This work addresses the pervasive “grokking” phenomenon—i.e., delayed generalization following prolonged overfitting—in Transformers applied to arithmetic tasks. To tackle this, we propose a neural gradient transformation mechanism: a learnable MLP-based gradient modulation module, designed via bilevel optimization, that dynamically perceives and regulates parameter-wise gradient contributions. We further introduce Absolute Gradient Entropy (AGE), a novel metric that quantitatively characterizes the intrinsic trade-off between generalization capability and model complexity. Finally, we develop a stable, dimensionality-reduction–oriented training paradigm. Experiments demonstrate that our approach reduces the grokking latency by over 50% on average, significantly enhances training stability, and induces sustained model complexity reduction—outperforming conventional regularizers such as weight decay.
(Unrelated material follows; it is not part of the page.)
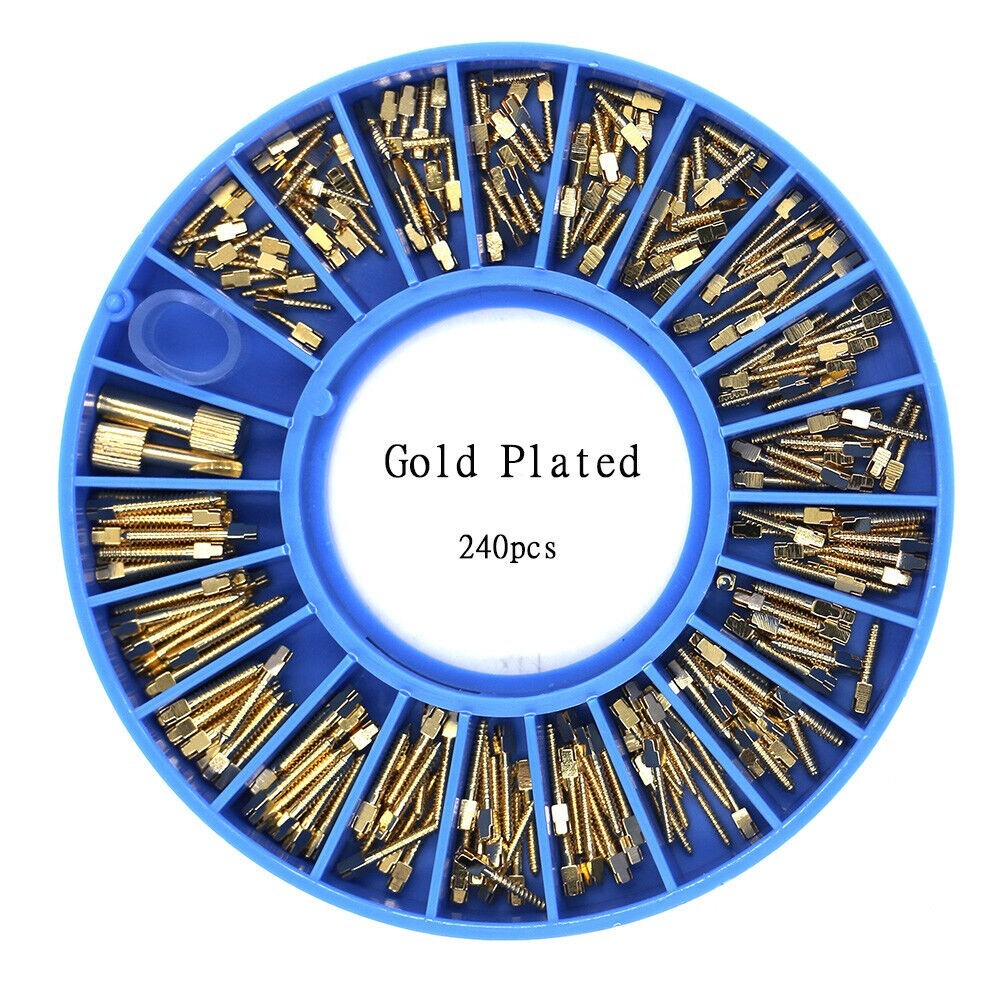 240pcs /box Dental Gold Plated Conical Screw Posts Cross Head Root Nail Assorted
Grokking is proposed and widely studied as an intricate phenomenon in which generalization is achieved after a long-lasting period of overfitting. In this work, we propose NeuralGrok, a novel gradient-based approach that learns an optimal gradient transformation to accelerate the generalization of transformers in arithmetic tasks. Specifically, NeuralGrok trains an auxiliary module (e.g., an MLP block) in conjunction with the base model. This module dynamically modulates the influence of individual gradient components based on their contribution to generalization, guided by a bilevel optimization algorithm. Our extensive experiments demonstrate that NeuralGrok significantly accelerates generalization, particularly in challenging arithmetic tasks. We also show that NeuralGrok promotes a more stable training paradigm, constantly reducing the model's complexity, while traditional regularization methods, such as weight decay, can introduce substantial instability and impede generalization. We further investigate the intrinsic model complexity leveraging a novel Absolute Gradient Entropy (AGE) metric, which explains that NeuralGrok effectively facilitates generalization by reducing the model complexity. We offer valuable insights on the grokking phenomenon of Transformer models, which encourages a deeper understanding of the fundamental principles governing generalization ability.